I thought I’d continue my thoughts from a comment thread at Sunshine Mary’s here, since the conversation is dwindling there, and I need to post here anyway.
The topic became wifely submission, and soon the usual question arose: “What if a husband commands his wife to have a threesome / rob a bank / chop off her hand?” In other words, does God’s command for wives to be subject to their husbands in all things really mean all things? Ellie responded with:
God’s commands trump a husband’s orders.
But following the husband’s orders IS one of God’s commands. That’s the whole point: if a husband gives his wife an order to do something she thinks is sinful, she’s not choosing between following God’s command or her husband’s command. She’s choosing between God’s command to obey her husband or God’s command to avoid the sinful act.
Ss. Peter could have said “subject to their husbands’ virtuous commands.” St. Paul could have said, “Therefore as the church is subject to Christ: so also let the wives be to their husbands in all things except sinful commands.” When they were preaching these things (remember, their letters were only the tiny chunk of their ministry that we happen to have; they were out preaching to the people in person every day), do we think it never occurred to anyone, as it immediately does to us, to ask something like, “Yeah, but what if he tells her to become a prostitute to make money so he can lounge around all day?” Of course it must have. St. Peter was even speaking specifically of being subject to a non-believing husband, and who knows what such a man might order? So the fact that they didn’t put any conditions on this submission is something we should take seriously, and not assume they meant something else that they very easily could have said.
And when Abraham took Isaac up the mountain and was ready to plunge in the sword until the angel stopped him, the angel didn’t say, “Awesome job on the total faith thing, really, but you should have known that God didn’t really want you to commit murder. That’s a sin, stupid.” No, because Abraham was willing to commit murder to obey God, he was rewarded.

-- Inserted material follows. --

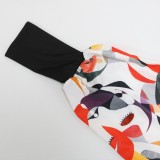 Conjunto de pantalones sueltos de dos piezas con estampado de personajes de manga larga con cuello en V informal con estampado de primavera para mujer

As I said over there: as a Catholic, I take comfort that I have the Church and twenty centuries of saints and theologians to guide me in understanding scripture. But consider the girl who doesn’t have that, who belongs to a church that says, “It’s all in the bible; read it and let the Spirit guide you,” or who is more-or-less secular. If she’s assured that she can ignore her husband’s orders when they’re sinful (presumably skimming really fast through Peter 3 and Ephesians 5), who will guide her in determining where that line is? Her friends? Her hamster? Oprah?

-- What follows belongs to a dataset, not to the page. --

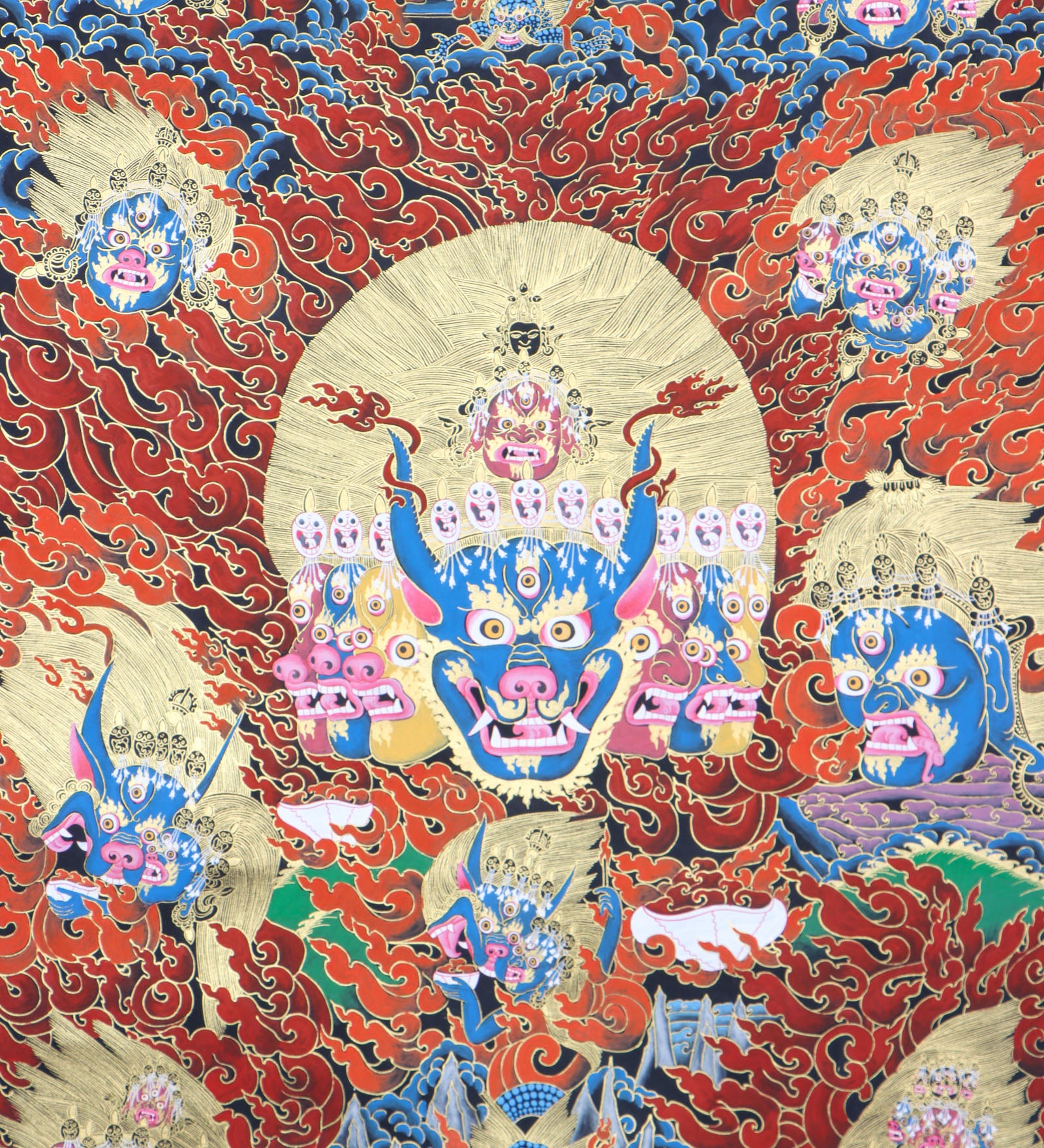 Yamantaka Head Thangka Painting for wall hanging decor.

These extreme examples that we bat around are easy: yes, a threesome is clearly sinful (to keep it simple, let’s assume we’re not talking within a polygynous marriage, so there’s clearly adultery going on). But most calls won’t be that clear. In most marriages, none of them will be that clear. Ellie says, “Anything that is not clearly, black-and-white, wrong should be obeyed,” but almost nothing in life is truly black-and-white, especially in marriage. Say a kid is refusing to eat his peas, and the husband says not to let the kid leave the table or eat anything else until those peas are gone. The wife hated being made to eat her peas as a child, and her shrink told her that forced eating might have led to her body-image issues, so it could be considered child abuse — voila, it’s sinful, she doesn’t have to do it! Human nature being what it is, the line between sinful and acceptable orders is bound to keep edging over closer and closer to the line between “orders I like” and “orders I don’t like.”

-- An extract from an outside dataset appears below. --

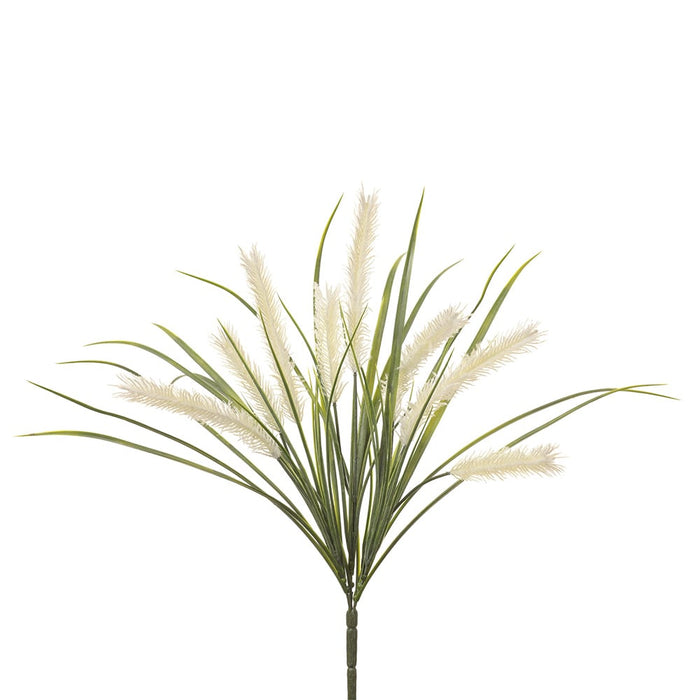 18.5" Artificial Rattail Grass Flower Bush -Cream (pack of 12) - PBG218-CR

One last thing: let me be clear that I probably seem much more certain about all this than I really am. If I marry again, the question of “Is this order I’m about to give her going to cause her to sin?” will always be uppermost in my mind, because that’s a huge responsibility. It’d be much easier to give her the veto, to let me partly off the hook. I’m arguing for the stricter interpretation mostly because the rest of the world is arguing for the lax one, so the stricter one needs a fair hearing. “The door is narrow,” you know? So when our reaction to a piece of scripture is, “It can’t really mean that,” I think our wisest reaction is to say, “Well, what if it really does mean that?”
Ultimately, if a husband commands his wife to have a threesome, I don’t think she’s going to be damned to Hell if she commits the sin of adultery OR if she commits the sin of disobedience. Her husband really holds the responsibility for the sin either way, not she. But I think she will be much better off if she arrives at the Final Judgment having always been subject to her husband even when she thought he was wrong, rather than if she says, “Yes, I obeyed him when he was right, and disobeyed him to prevent evil the rest of the time.” The latter is so much more likely to end up being cover for, “I actually ran the relationship and let him lead when I felt like it,” even if that’s not what she intended at the start.
You can’t be subject to someone in all things and hold veto power over him at the same time. That’s really the bottom line.